HOUSTON, Jan 14 (Reuters) – Demand to lock in oil and gas prices jumped to a record high on Friday on the AEGIS hedging marketplace, as the harshest U.S. sanctions yet on Russian energy trade sent oil prices to multi-month highs.
AEGIS, which says its clients’ business represents about 25-30% of total U.S. oil production, recorded the highest trading activity to date on its platforms on Jan. 10, as producers capitalized on higher volatility, said Jay Stevens, director of market analytics at AEGIS.
Hedging can help producers reduce risk and protect their production from sharp moves in the market by locking in a price. It can also give traders opportunities to profit from volatility.
West Texas Intermediate (WTI) crude futures settled at $76.57 per barrel on Jan. 10, marking a three-month high. Global benchmark, Brent crude futures settled at $79.76 a barrel, after earlier in the session exceeding $80 a barrel for the first time since Oct.7.

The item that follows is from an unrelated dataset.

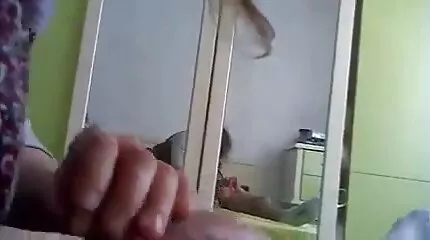 Mostohaanyja erőszakos dugás lerántotta a porszívót, és a fiával szar.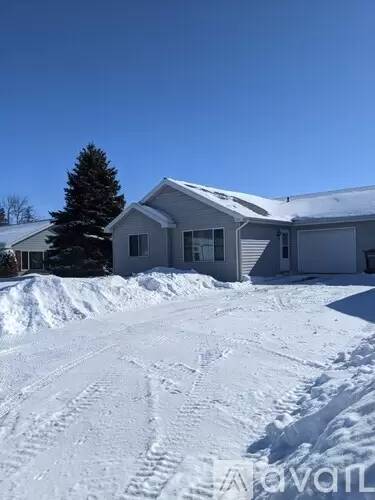 Main picture of 207 E 6th St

Oil prices began to climb after traders in Europe and Asia circulated an unverified document detailing the sanctions.
Later on Friday, the U.S. Treasury formally announced new sanctions on the Russian energy sector, including oil majors Gazprom Neft (SIBN.MM) and Surgutneftegaz (SNGS.MM) to try to curtail Moscow’s ability to fund its war with Ukraine.
The sanctions also target over 180 tankers and dozens of oil traders, oilfield service providers, insurance companies and energy officials.